Did you think my Motorbike drama would be over? I did too.
To my dismay, it is not over. For a while I was smooth sailing. No accidents, no whiskey throttles, perfect parker. I would even go as far to say that I was a really good motorbike driver. Until I nailed the man on the ferry on the way to Monkey Island. I wrote that off as a one-time accident. I was okay for a while. However, a few months later I had a few days where a real life series of unfortunate events commenced.
As I was driving home from work for lunch, I noticed something long and clear coming from behind my gas gauge, near the throttle. At a stoplight I leaned over to get a better view of what I could possibly be seeing. As the light shone inside of my bike I could see a small pair of eyes looking back at me. There was a rat or a mouse INSIDE of my bike. I almost threw up on spot. I made it home (driving with my hands as far away from the bike opening as possible) and FaceTimed my parents.
*I’m not sure why I called them. Obviously it was more of a comfort because my parents could do nothing for me.
Three different security guards tried to get it out, but they all ended in failure. Eventually I ended up just shoving branches in the open spaces and wearing gloves while I drove. The very next day I traded that bike in to my rental company. They didn’t care about the mouse so some there poor soul is driving with the mouse inside.

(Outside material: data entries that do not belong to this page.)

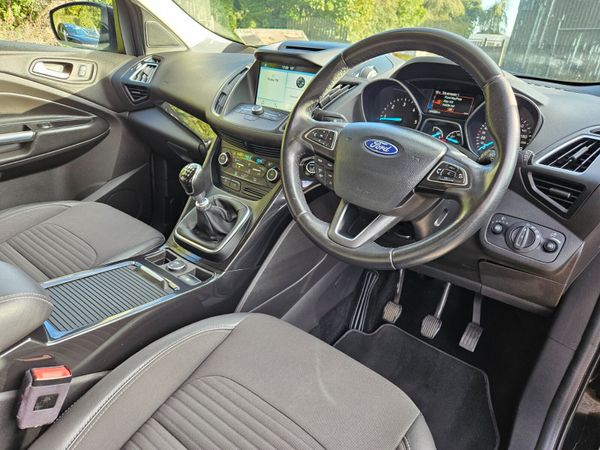 Ford Kuga 2018 1.5tdci Titainium 368036522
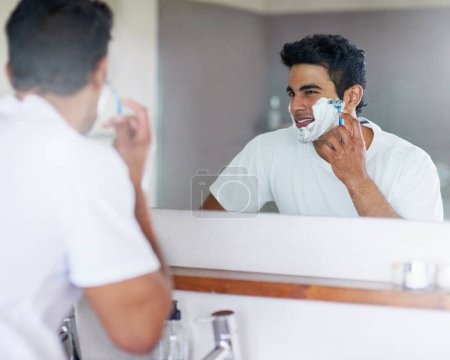 Téléchargez les photos : Mousse, miroir et homme avec rasoir dans la salle de bain pour l'hygiène, le toilettage et le lavage du visage à la maison, à la maison et à l'appartement. Homme, gen z guy et réflexion de l'élève avec crème à raser, soin du visage ou de la peau. - en image libre de droit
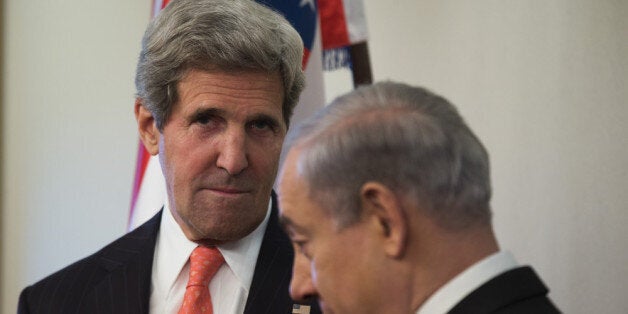JERUSALEM, ISRAEL - MAY 23: (ISRAEL OUT) US Secretary of State John Kerry and Israeli Prime Minister Benjamin Netanyahu ahea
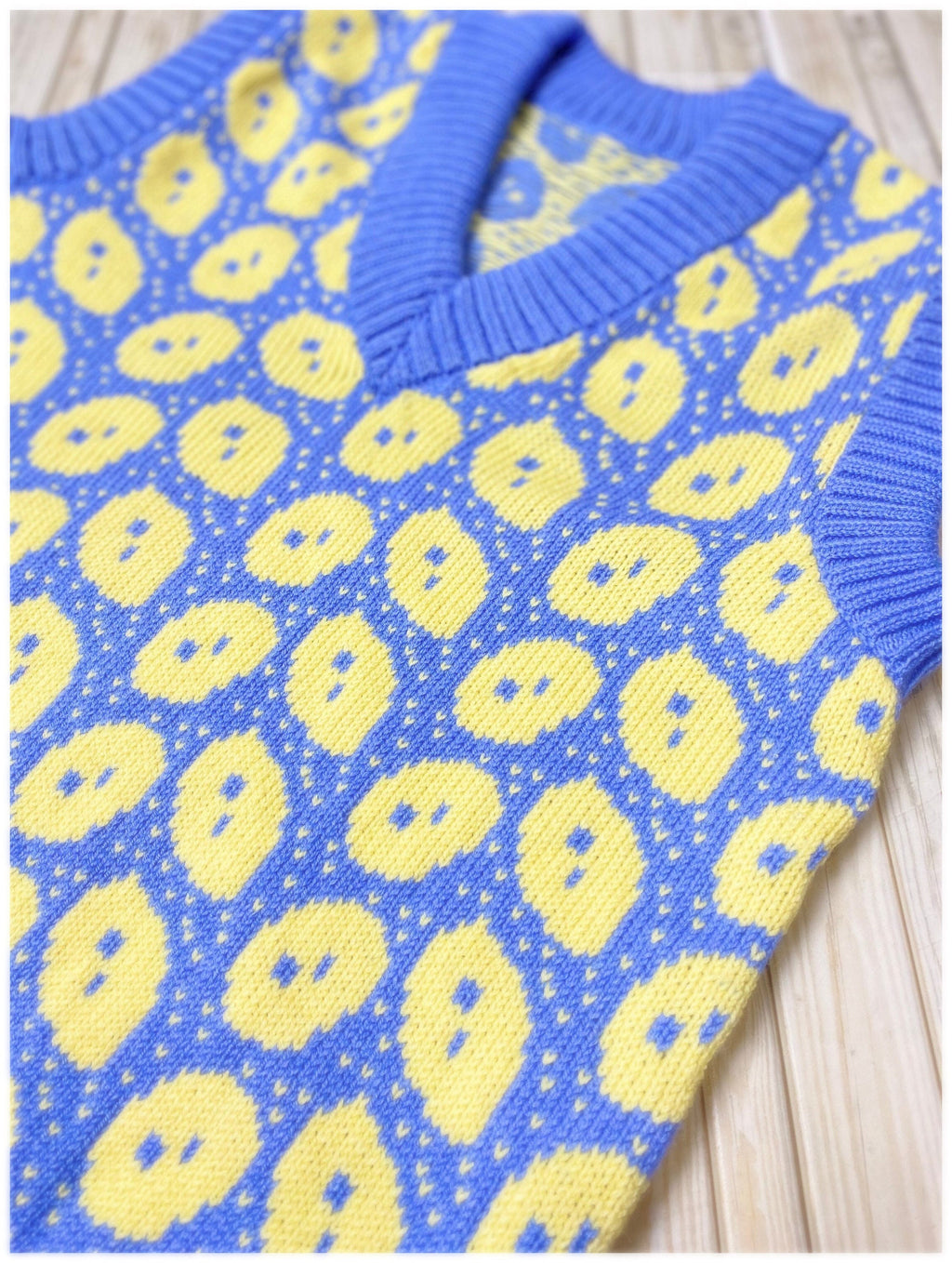 Cable knit Sweater Vest Women/blue sweater vest yellow print/vintage knit vest women/lemon print/long knit vest/Winter warm vest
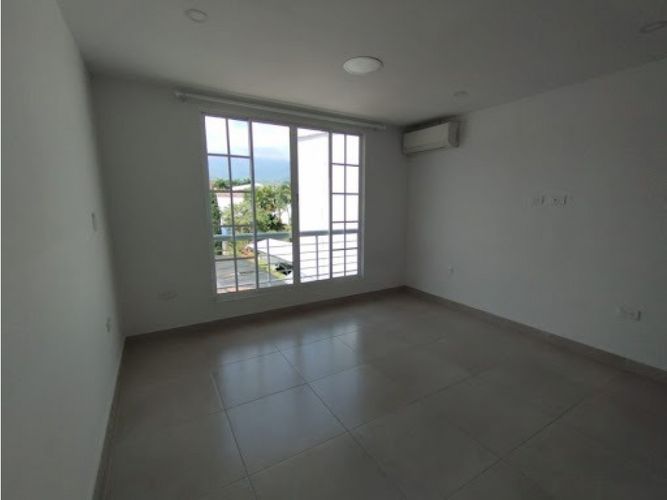 Casa de 6 alcobas en venta en Pasoancho, Cali, 250 m² · foto 11 de 24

My second motorbike drama came when I was least expecting it (am I ever expecting it?)
The day started like any other normal day. I woke up, had a nice little breakfast, did a little writing, set up posts for Shrine and Glamtrotting, edited a few blog drafts, and went to the nail salon to get my nails done. The nail salon was great. I sat right down, they had tra da ready for me, and on this special day they had a brand new bottle of matte black. My day was looking up.
But in reality it wasn’t chill at all. Lol. As I was driving to lunch I was going up the curb as I do just about every other day. I swear before this all happened I saw it all flash before my eyes. As I was making my way up the curb, my bike decided it didn’t want to go up the curb. Instead, the wheels on my bike spun out and flipped on its right side taking me with you. I wasn’t hurt but I was definitely embarrassed. There was a large group of Vietnamese eating lunch who just stared at me when I went down. Of course everyone just stared at no one made a forward motion to help a sista out. Jackasses.
Beyond my embarrassment, my beautiful manicure and pedicure were ruined. So damn frustrating.
Alas, lunch was good, my time spent at the coffee shop went well. Before I could go home I needed to get gas because my tank was empty and my bike was performing very poorly. I filled up my tank, drove home, put my kickstand down, popped my trunk, opened the gate to park my bike like I always do. I pushed my bike into a space and began walking upstairs. As I was walking away my bike didn’t catch on the kickstand – it just began falling right over! I wasn’t strong enough to catch it so I had to just let it fall on the ground. What was weird was that liquid began pouring out of my bike. I didn’t have water in my trunk so I was dumbfounded as to what it was. But then the smell came. After I got gas I forgot to put the gas cap back on. This is a bit of a classic, forgetful move on my part.
In the end it was alright. Just a day of me shaking my head at myself.